I don’t think I watched an NFL game besides the Super Bowl through my
entire college career.
My brother stayed faithful, and after much cajoling convinced me to
start watching again around 2001. Good thing he did, as I was able to
enjoy the rise to prominence that Peyton Manning, Bill Polian and Jim
Irsay have brought to Indianapolis. Now the Colts are one of the most
dominant teams in all of professional sports. Tickets are hard to
come by (a major change from buying tickets day of the game when I was
growing up) and a whole generation of fans have grown up knowing only
success (mixed with some play-off heartbreak).

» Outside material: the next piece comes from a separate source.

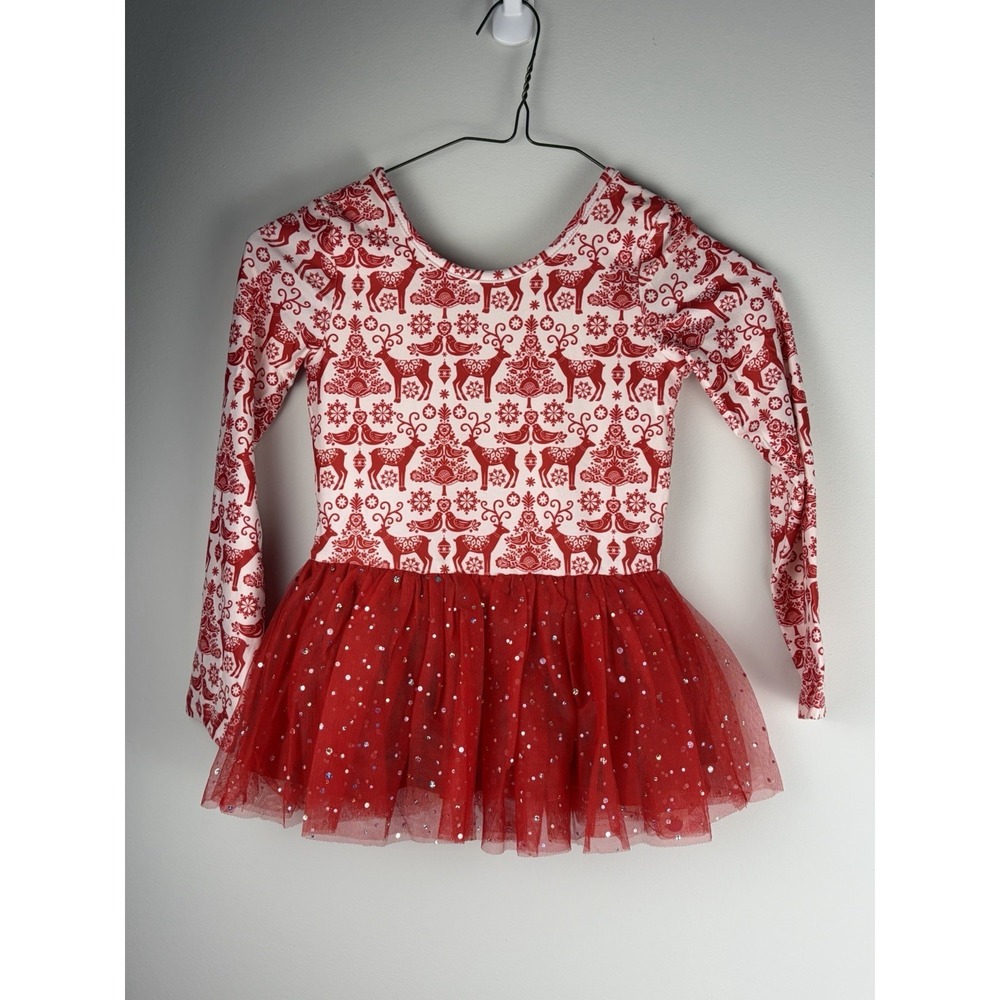 Cheeky Plum Farrah Leotard Holiday Deer Tulle Red NEW Size 6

“Blue Blood” by Nate Dunlevy is an attempt to tell this history of the
Indianapolis Colts to these new fans. Dunlevy is a founder and the main author at
the Colts fan website www.18to88.com, and the best Colts blogger
around. His writing typically is concise, well researched, and
logical. “Blue Blood” is no exception. It is organized into sections
breaking the years the Colts have been in Indianapolis into roughly 3
season chunks. He gives an overview of the history for each section,
then covers major players/coaches or events. Finally each section
profiles “Classic Colts,” guys who may not make it to the Hall of
Fame, but should be known to all Colts fans. The book finishes with
a section of unforgettable Colts games.
Dunlevy is clearly a longtime fan. He does a good job putting each
achievement and player in the correct historical context. His
research is as always well done, and his taste is never in question.

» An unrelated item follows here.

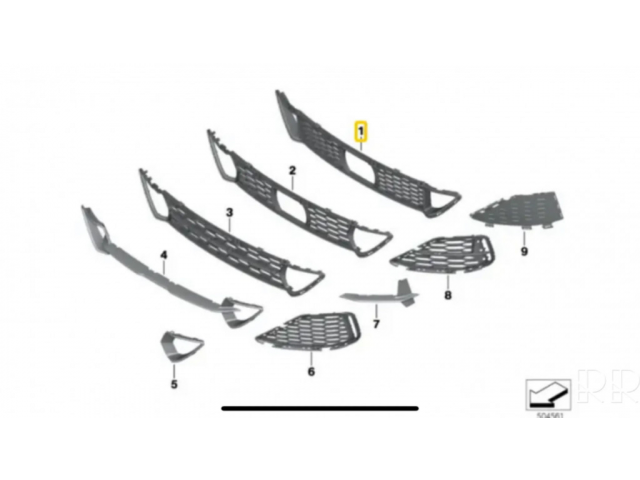 Нижняя решётка (из трех частей) BMW 8 G16 2019- года 51118074778, 8074778      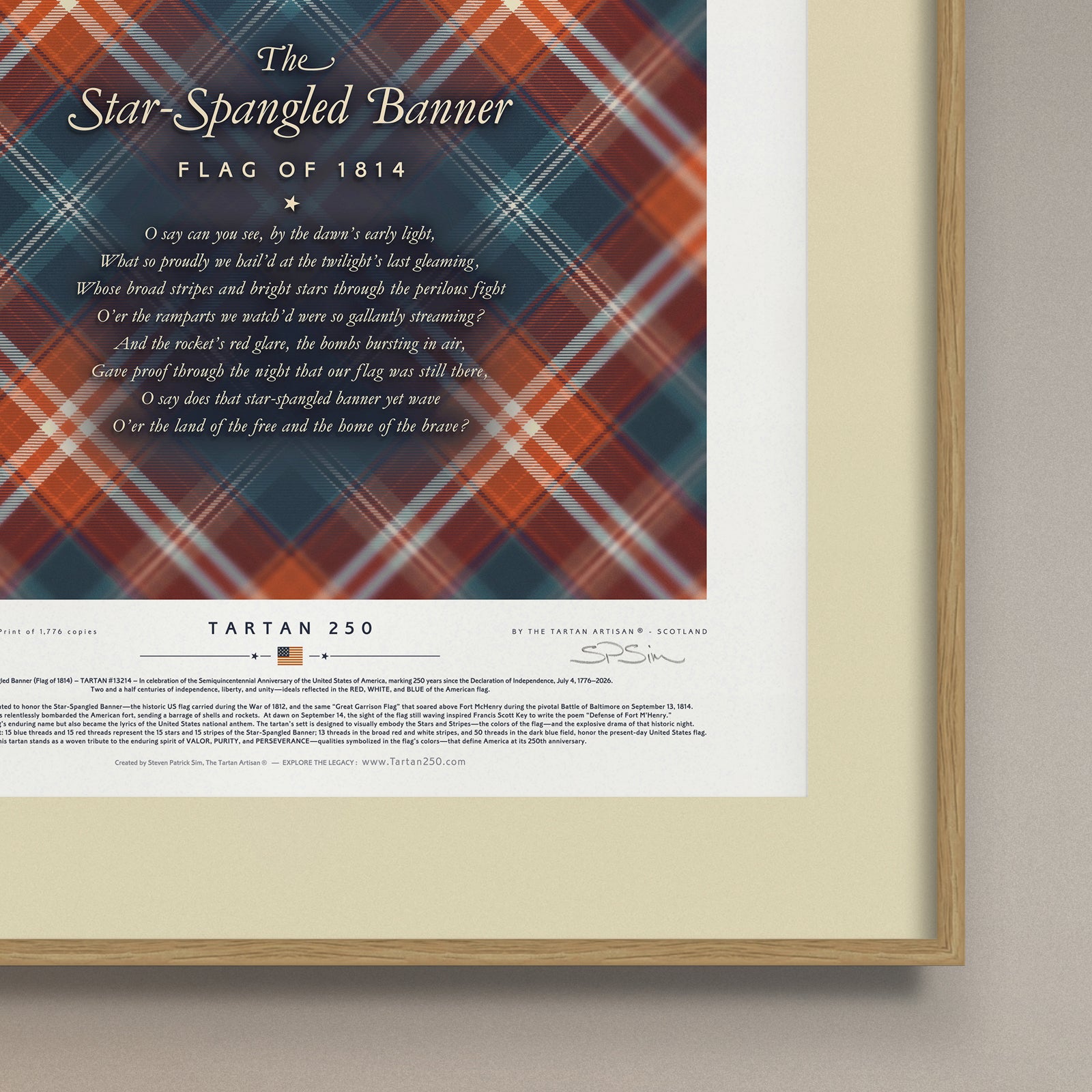 Bottom right corner detail of Tartan250 framed Star-Spangled Banner America250 Past Limited Edition print.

He accurately describes some of the most cherished moments of being a
Colts fan. He does a good job of identifying when revisionist spin
doesn’t match the historical reality (about time someone pointed out
the craziness that was going on in municipal governance of Baltimore
when the Colts left). When he injects personal anecdotes in the
history, they provide both insight and a point of reference (the
advice he gave his brother at half time of the 2006 AFC Championship
game was so close to my inner dialog at that time it was spooky).
The passages on the 2 different playoff losses to Pittsburgh
reinforced my long standing hatred, and firm belief that New England
is just a distraction, Pittsburgh is in fact the real enemy.
If I had any complaints about this book it would be that it is too
dry. In his quest for historical accuracy I believe he overlooked
his major strength. A more personal account of his Colts fandom, and
a more passionate history would have made for a better book. When
writing for his blog Dunlevy routinely mixes the passion of a homer
with clear writing to great success; I would have preferred if more
of the passion had shown through in this endeavor as well.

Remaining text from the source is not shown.